Veröffentlicht in Die Weltwoche, 11. Dezember 2019
Sonntagmorgen, eine Fahrstunde von Zürich entfernt. Schafe grasen vor einem Wohnblock, wo Dzana Cehic, 16, bereits im Türrahmen wartet. Schwarzes Top, gleichfarbige Hosen. Ihre Lippen und die noch voluminöseren Wimpern, die aufgeklebt sind, stechen ins Auge. Eine Stunde habe sie heute für ihr Styling gebraucht, sagt Cehic. Für sie sei das schnell, fügt sie an. Haare und Make-up können sonst gut zwei Stunden benötigen. «Alles soll so aussehen, wie ich mir das vorstelle», gesteht die «kleine Perfektionistin», wie sie sich selbst nennt.

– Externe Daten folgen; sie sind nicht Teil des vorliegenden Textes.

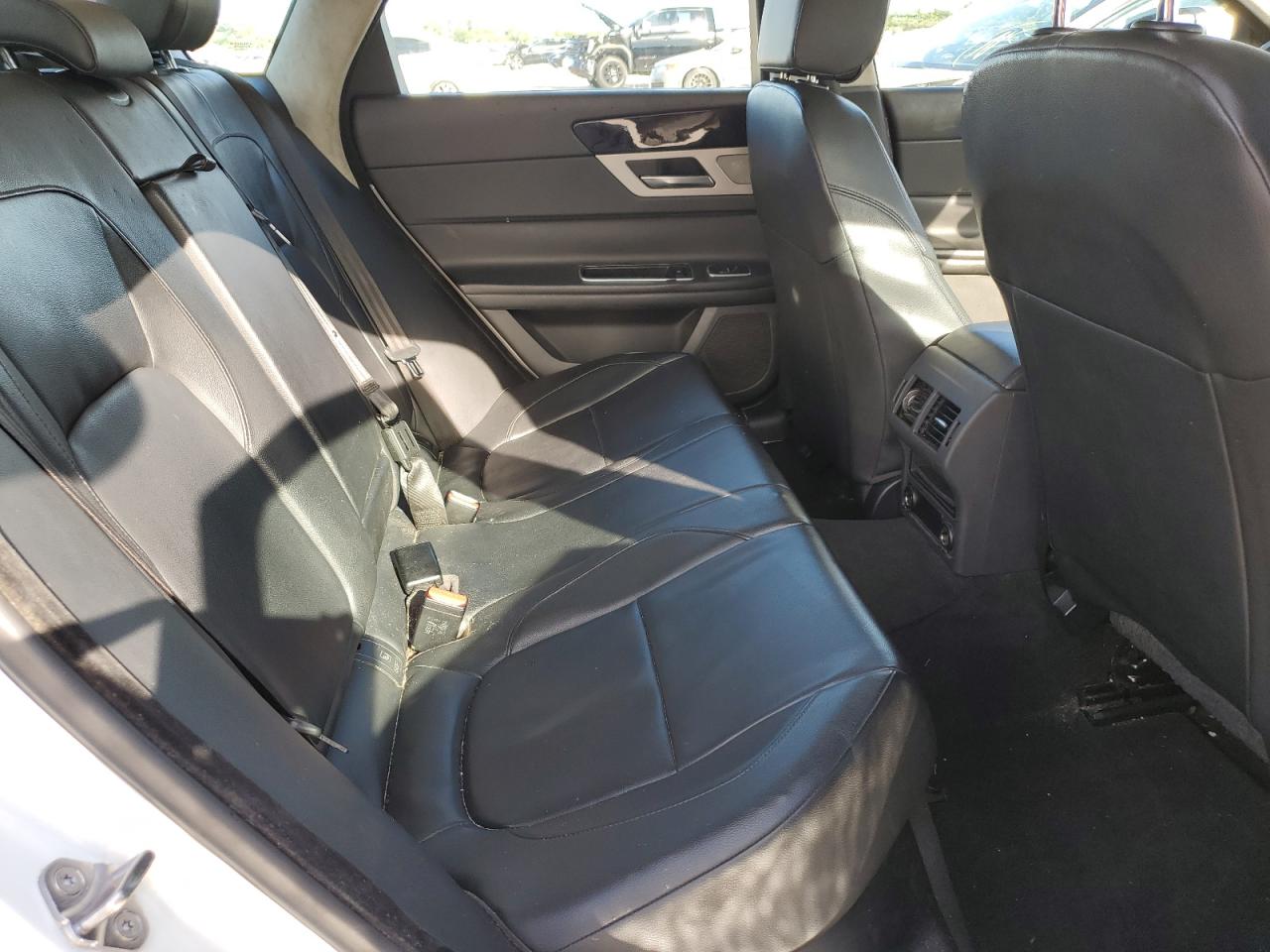 2020 Jaguar Xf Premium VIN: SAJBD4FX3LCY83282 Lot: 83803545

Ihre Erscheinung bezeichnet sie als «Wochenend-Look» und wechselt zum Du: «Ich bin ja erst sechzehn.» Sie bittet ins Wohnzimmer, wo sie dann jeweils – am Samstag und Sonntag – ihre Bilder «shoote», die sie während der Woche über Social Media postet. Am Vorabend war sie noch auf Instagram zu sehen. «Sie ging live», heisst das, wenn jemand Einblick in Echtzeit gewährt. Sie trug einen weissen Kapuzenpullover, mit dem sie meist ihre Haare bedeckte, dazu runde Ohrringe, die so gross waren, dass sie bis zum Hals reichten. Dzana rauchte Schischa, sang Lieder und forderte ihre Community dazu auf, Fragen zu stellen. «Harte Schale, weicher Kern», habe sie verkörpern wollen. «Dzzyzzle» lautet ihr digitales Pseudonym – ihre «zweite Persönlichkeit».
650 000 Follower
Die Masche scheint erfolgreich zu sein: Auf Instagram erreicht Dzana 650 000 User. Über die Plattform Snapchat sehen pro Woche 1,2 Millionen Menschen, was sie alltäglich beschäftigt und wie sie – so nennt sie das – «Blödsinn» vor der Kamera macht. Hinzu kommen 142 000 Follower auf Tiktok, dem chinesischen Videonetzwerk. In einer Analyse des Uno-Kinderhilfswerks Unicef konnte von der gesamten Schweizer Influencer-Szene unter 21 Jahren niemand eine grössere Community als Dzana vorweisen. «Das sind die jüngsten Schweizer Meinungsmacher», stand über der Publikation. Dzana, die «nebenbei» Kita-Praktikantin ist, gilt als Einflussreichste ihrer Zunft.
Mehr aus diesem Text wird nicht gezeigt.